EXERCISE
From the listing below, output the lines between the one with "Lunettes de motocross" and the one with "おすそ分け　和柄　ボンボンドロップシール　和猫 和犬", including those two, and nothing else. Pictures are not copied.

EXTRACTED DATA

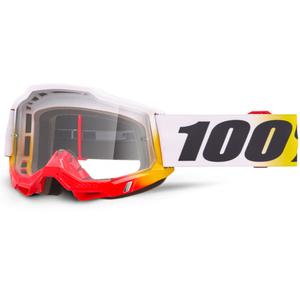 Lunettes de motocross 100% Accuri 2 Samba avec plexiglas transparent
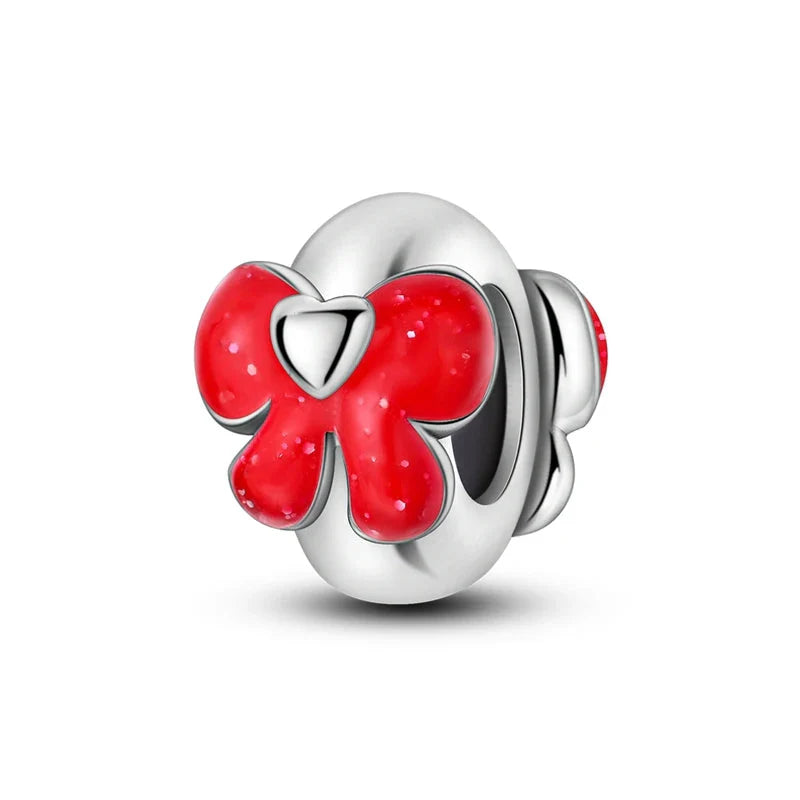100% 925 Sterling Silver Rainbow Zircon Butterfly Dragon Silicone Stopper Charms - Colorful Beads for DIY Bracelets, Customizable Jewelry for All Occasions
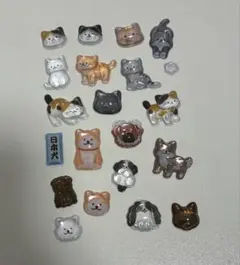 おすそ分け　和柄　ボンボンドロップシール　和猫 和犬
==
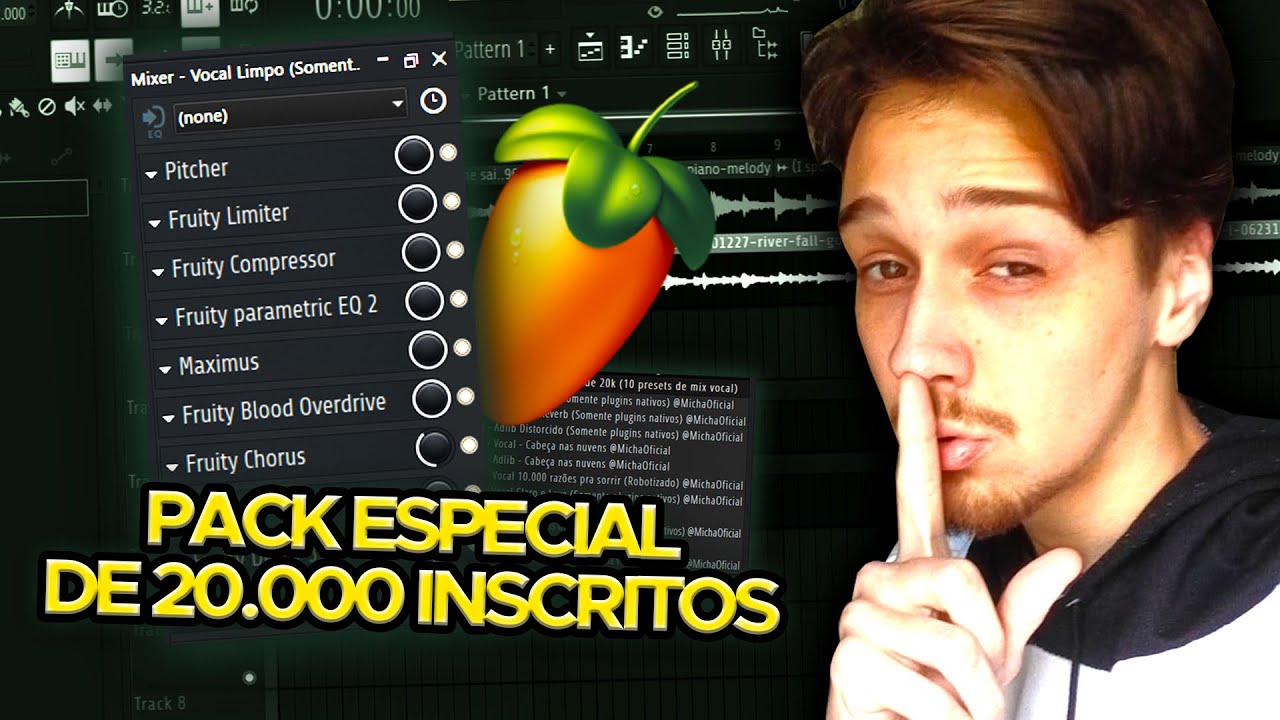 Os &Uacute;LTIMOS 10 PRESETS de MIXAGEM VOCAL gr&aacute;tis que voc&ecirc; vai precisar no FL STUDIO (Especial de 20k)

RESULT OF THE EXERCISE
 Lunettes de motocross 100% Accuri 2 Samba avec plexiglas transparent
100% 925 Sterling Silver Rainbow Zircon Butterfly Dragon Silicone Stopper Charms - Colorful Beads for DIY Bracelets, Customizable Jewelry for All Occasions
 おすそ分け　和柄　ボンボンドロップシール　和猫 和犬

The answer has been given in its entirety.